When one spouse historically controls the finances during a marriage, the spouse “in the dark” frequently seeks to investigate, and even question, the other’s money management choices once a divorce commences.
When money or assets obtained during the marriage are depleted for a “non-marital purpose” (i.e. a purpose that does not relate to the marriage), a spouse can make a legal claim of “dissipation”. If the court finds dissipation, the moving spouse typically receives a reimbursement for his or her share. Expenditures on extra-marital affairs and extravagant spending inconsistent with how the parties lived while the marriage was intact are the most common examples of dissipation.
Where a spouse invests in high-risk securities, the answer to whether or not “dissipation” has occurred is less clear. The answer largely turns on the specific circumstances and answering questions such as: did the spouses agree to such investments; did the investing spouse historically make such investments; again, did the other spouse know about the history of investments; did either spouse profit or lose money from the investment; did the spouse incur any other losses such as quitting his or her job to commence investment activity.
In a recent case originating in Lake County, Illinois, the Second District Appellate Court found that the trial court properly held that the husband dissipated much of the marital estate by removing funds from marital accounts and using them to engage in high-risk securities trading, without telling his wife. The evidence showed that husband, who was the sole financial provider for his wife and 3 children, was aware of devastating effect that his conduct could have on his family, including quitting his high-paying job, and showing extreme recklessness. See In re Marriage of Schneeweis, 2016 IL App (2d) 140147 (June 22, 2016).

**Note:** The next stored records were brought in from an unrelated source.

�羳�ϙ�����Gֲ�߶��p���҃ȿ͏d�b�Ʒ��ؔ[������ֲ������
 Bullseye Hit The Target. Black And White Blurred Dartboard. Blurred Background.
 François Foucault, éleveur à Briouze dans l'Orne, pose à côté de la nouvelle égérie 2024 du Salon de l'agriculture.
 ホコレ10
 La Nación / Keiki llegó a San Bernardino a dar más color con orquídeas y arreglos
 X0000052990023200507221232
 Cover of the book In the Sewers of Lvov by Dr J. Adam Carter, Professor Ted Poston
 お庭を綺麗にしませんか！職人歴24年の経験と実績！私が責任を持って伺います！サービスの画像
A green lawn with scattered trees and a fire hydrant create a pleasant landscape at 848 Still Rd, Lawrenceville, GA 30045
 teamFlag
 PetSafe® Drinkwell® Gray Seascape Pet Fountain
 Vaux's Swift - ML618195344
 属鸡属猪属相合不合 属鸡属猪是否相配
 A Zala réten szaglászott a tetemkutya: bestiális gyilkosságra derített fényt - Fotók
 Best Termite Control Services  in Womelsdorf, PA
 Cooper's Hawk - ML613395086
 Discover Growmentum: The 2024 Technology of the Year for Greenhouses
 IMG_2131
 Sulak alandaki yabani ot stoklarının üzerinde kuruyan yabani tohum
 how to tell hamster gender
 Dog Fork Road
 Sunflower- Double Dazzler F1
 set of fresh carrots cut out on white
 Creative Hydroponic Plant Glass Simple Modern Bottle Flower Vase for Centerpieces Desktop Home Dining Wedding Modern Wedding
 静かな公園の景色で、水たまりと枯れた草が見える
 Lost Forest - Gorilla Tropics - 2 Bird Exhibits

Another alternative to filing a dissipation claim, may be to seek that the court order the spouse to restore the funds to the original account as soon as possible. The funds may then be restricted, via court order, until the final allocation of the funds is resolved. Alternatively, the funds could be restored and then advanced to each spouse in equal pre-distributions. The investing spouse could continue high-risk trading with his/her advanced share. If possible, seeking relief as early as possible, prior to the funds being depleted, is clearly more practical than waiting to file a dissipation claim.